What is expected: Provide an exact copy of the data, excluding the images.

Recorded data:
· · · · ·

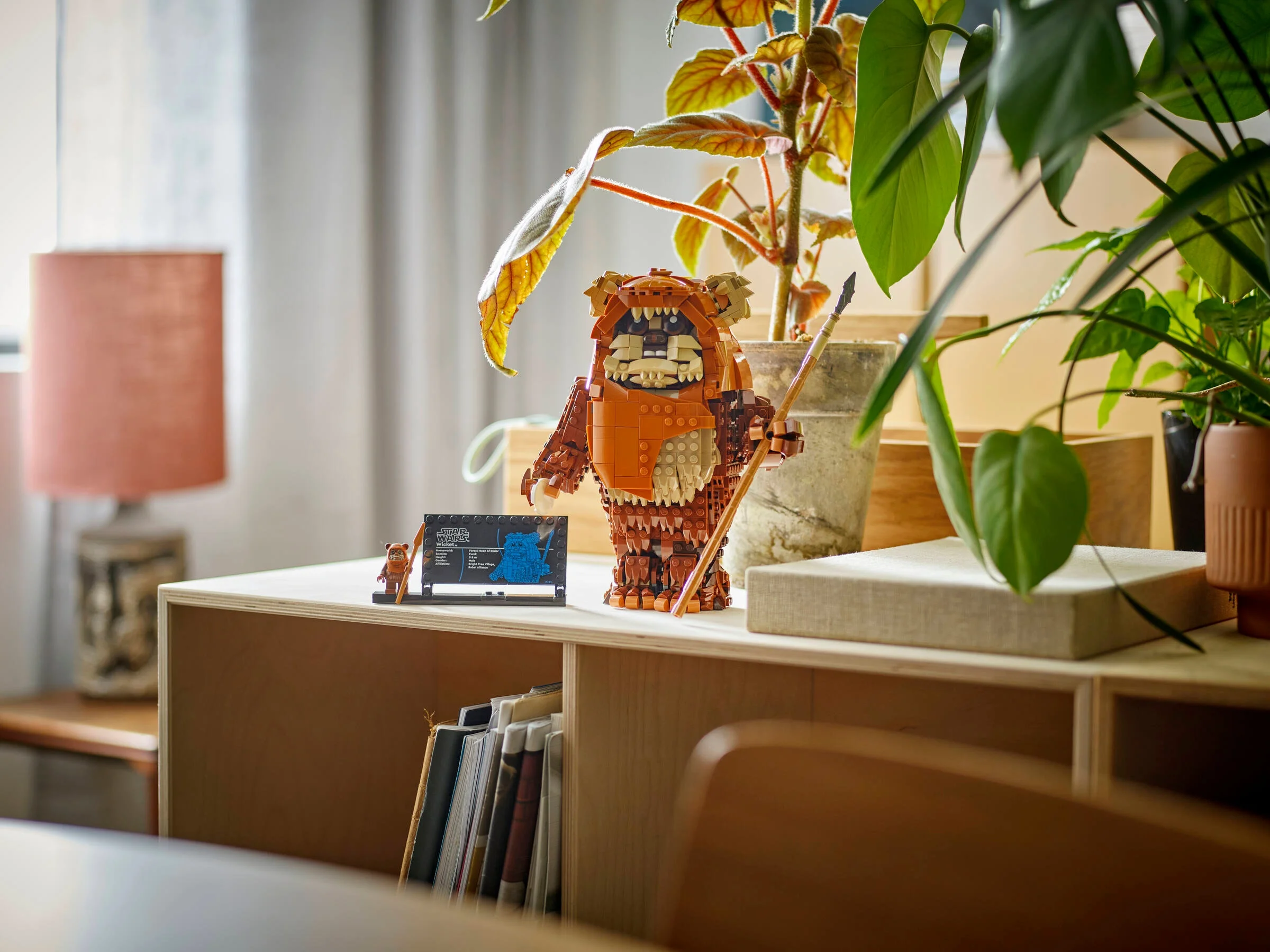 Wicket Ewok LEGO Star Wars expus pe o etajeră, cu o minifigurină și o placă informativă.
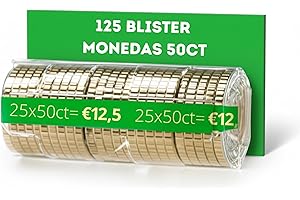 ALEJANDRO FUENTES AF® - 125 Münzhülsen für 50cent Münzen | Europäisches Format, Organisieren und Schützen Sie Ihr Bargeld, Münzrollen Kunststoff
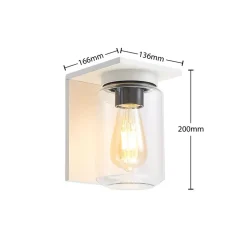 Lucande udendørs væglampe Semka, hvid, aluminium, glas, 20 cm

· · · · ·

Reply to the task:
 Wicket Ewok LEGO Star Wars expus pe o etajeră, cu o minifigurină și o placă informativă.
 ALEJANDRO FUENTES AF® - 125 Münzhülsen für 50cent Münzen | Europäisches Format, Organisieren und Schützen Sie Ihr Bargeld, Münzrollen Kunststoff
 Lucande udendørs væglampe Semka, hvid, aluminium, glas, 20 cm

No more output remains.